◆ **Exercise**: Would you transcribe the entries below, beginning at the line with "Moon Mell Bogtong" and ending after the line with "leok_006_motocross_2012_mexique_guadalajara", exactly, with no picture and nothing more?

◆ **The input**:

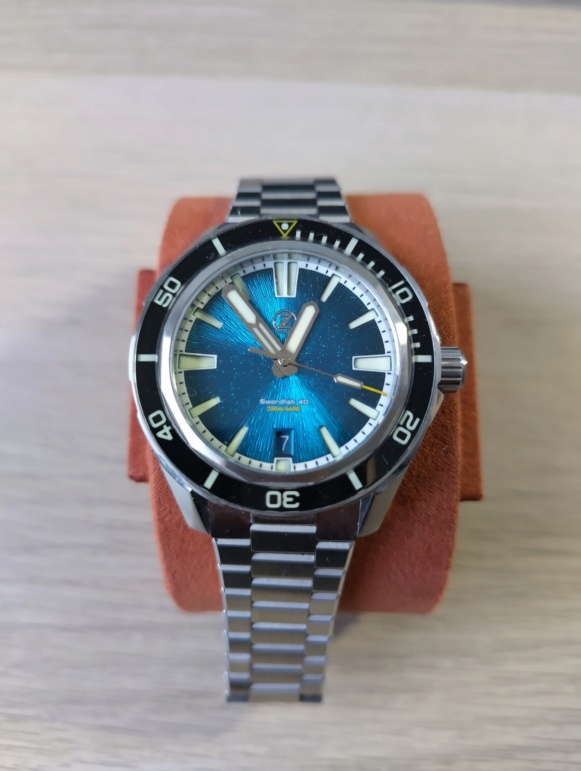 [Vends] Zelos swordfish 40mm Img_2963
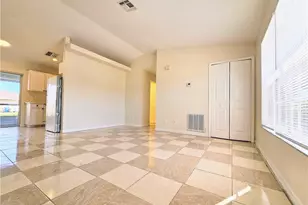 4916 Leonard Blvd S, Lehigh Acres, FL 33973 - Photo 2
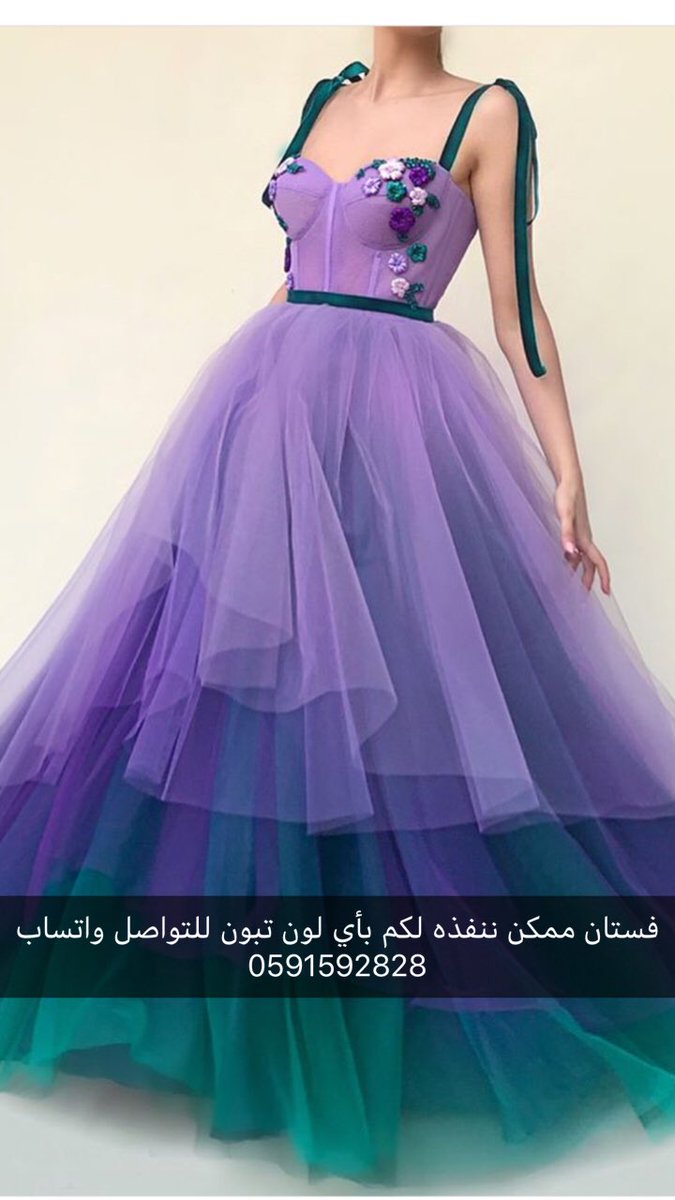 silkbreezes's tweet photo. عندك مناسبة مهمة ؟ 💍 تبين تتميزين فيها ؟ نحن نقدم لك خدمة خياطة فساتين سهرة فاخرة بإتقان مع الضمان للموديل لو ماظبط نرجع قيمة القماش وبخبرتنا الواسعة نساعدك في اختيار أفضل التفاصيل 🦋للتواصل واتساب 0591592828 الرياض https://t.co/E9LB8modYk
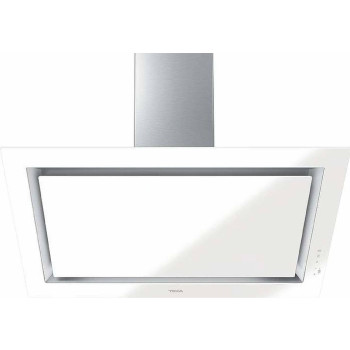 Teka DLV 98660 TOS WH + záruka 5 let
==
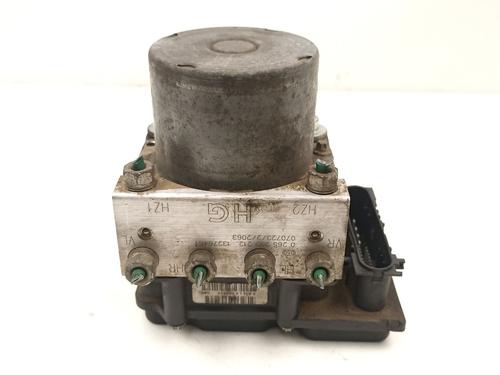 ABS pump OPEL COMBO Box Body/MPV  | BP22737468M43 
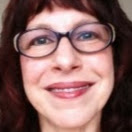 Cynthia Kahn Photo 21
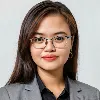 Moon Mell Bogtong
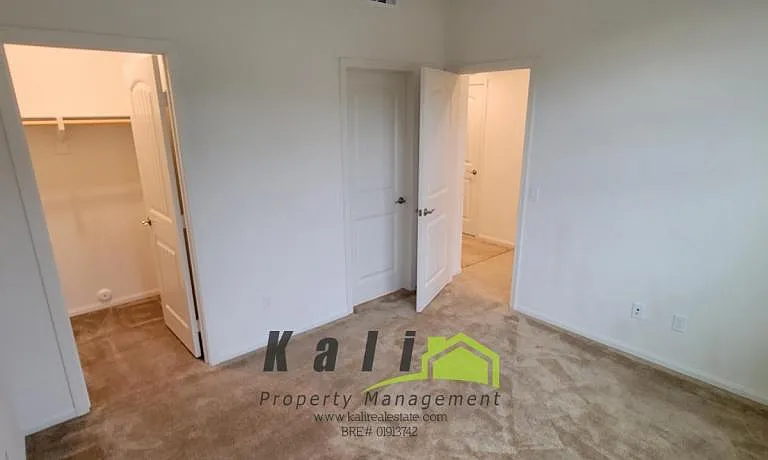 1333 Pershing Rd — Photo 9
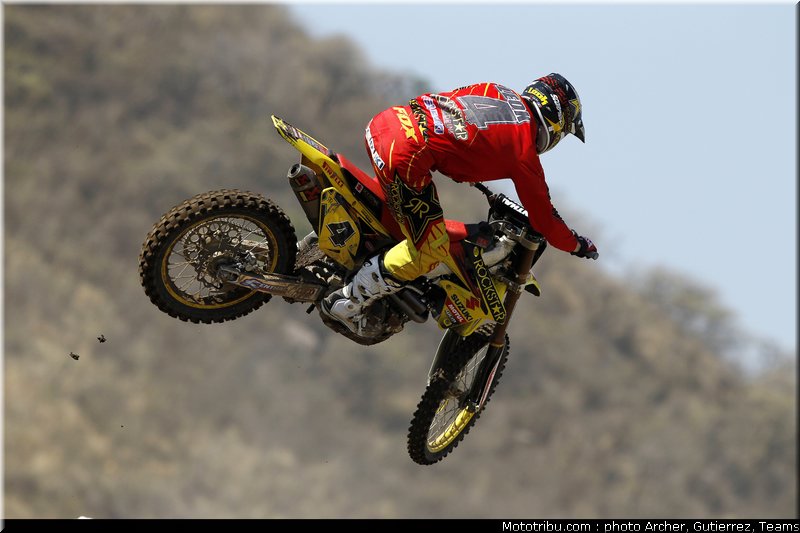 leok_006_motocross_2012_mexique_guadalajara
--
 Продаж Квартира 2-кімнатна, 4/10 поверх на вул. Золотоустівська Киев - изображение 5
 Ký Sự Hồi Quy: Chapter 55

◆ **Reply**:
 Moon Mell Bogtong
 1333 Pershing Rd — Photo 9
 leok_006_motocross_2012_mexique_guadalajara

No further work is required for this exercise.